The tactics may be more simplified, but Rahm can't argue with the results. While Mickelson is in the midst of a winless drought that is approaching five years, Rahm won three times around the world last year and will defend a PGA Tour title for the first time next week at Torrey Pines.
Both men are in the field this week in Palm Springs, where Mickelson will make his 2018 debut with what Rahm fully expects to be another dose of high-level analytics for the five-time major winner with his brother on the bag.

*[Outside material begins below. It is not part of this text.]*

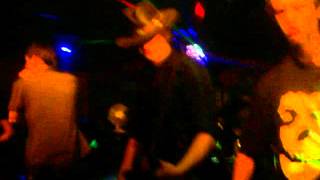 Menarka Punk- Vomitar (Cover de The Kagas) En vivo en Don Matheo Bar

"It's funny, he gets to the green and then it's the same thing. He's very detail-oriented," Rahm said of Mickelson. "I'm there listening and I'm like, 'Man, I hope we're never paired together for anything because I can't think like this. I would not be able to play golf like that. But for me to listen to all that is really fun."
DJ changes tune on golf ball distance debate
World No. 1 Dustin Johnson is already one of the longest hitters in golf, so he's not looking for any changes to be made to golf ball technology - despite comments from him that hinted at just such a notion two months ago.

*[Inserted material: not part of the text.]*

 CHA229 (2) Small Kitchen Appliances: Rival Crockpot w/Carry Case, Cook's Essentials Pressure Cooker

Johnson is in the Middle East this week for the Abu Dhabi HSBC Championship, and he told BBC Sport Wednesday that he wouldn't be in favor of making changes to the golf ball in order to remedy some of the eye-popping distances players are hitting the ball with ever-increasing frequency.
"It's not like we are dominating golf courses," Johnson said. "When was the last time you saw someone make the game too easy? I don't really understand what all the debate is about because it doesn't matter how far it goes; it is about getting it in the hole."

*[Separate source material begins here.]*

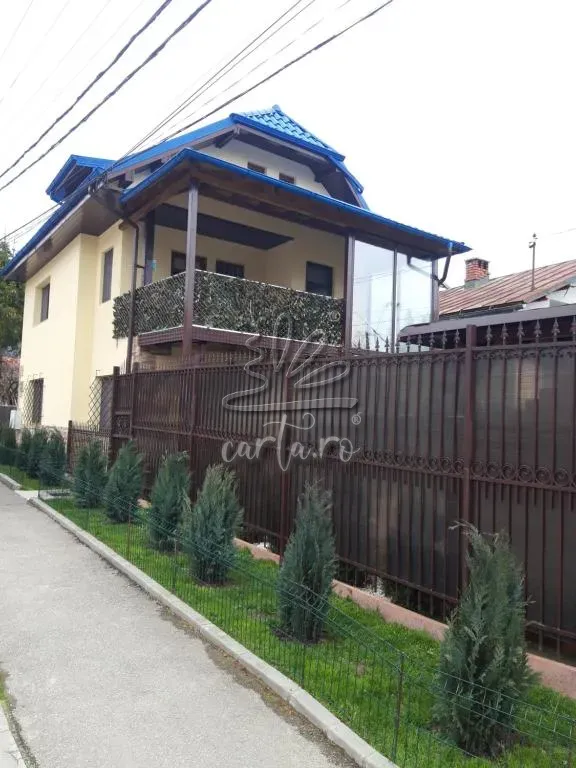 Vila LAVINIA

Johnson's rhetorical question might be answered simply by looking back at his performance at the Sentry Tournament of Champions earlier this month, an eight-shot romp that featured a tee shot on the 433-yard 12th hole that bounded down a slope to within inches of the hole.
Johnson appeared much more willing to consider a reduced-distance ball option at the Hero World Challenge in November, when he sat next to tournament host Tiger Woods and supported Woods' notion that the ball should be addressed.
"I don't mind seeing every other professional sport, they play with one ball. All the pros play with the same ball," Johnson said. "In baseball, the guys that are bigger and stronger, they can hit a baseball a lot further than the smaller guys. ... I think there should be some kind of an advantage for guys who work on hitting it far and getting that speed that's needed, so having a ball, like the same ball that everyone plays, there's going to be, you're going to have more of an advantage."
Speaking Wednesday in Abu Dhabi, Johnson stood by the notion that regardless of whether the rules change or stay the same, he plans to have a leg up on the competition.
"If the ball is limited then it is going to limit everyone," he said. "I'm still going to hit it that much further than I guess the average Tour player."
LPGA lists April date for new LA event
The LPGA’s return to Los Angeles will come with the new Hugel-JTBC Open being played at Wilshire Country Club April 19-22, the tour announced Wednesday.
When the LPGA originally released its schedule, it listed the Los Angeles event with the site to be announced at a later date.
The Hugel-JTBC Open will feature a 144-player field and a $1.5 million purse. It expands the tour’s West Coast swing, which will now be made up of four events in California in March and April.
The LPGA last played in Los Angeles in 2005. Wilshire Country Club hosted The Office Depot in 2001, with Annika Sorenstam winning there.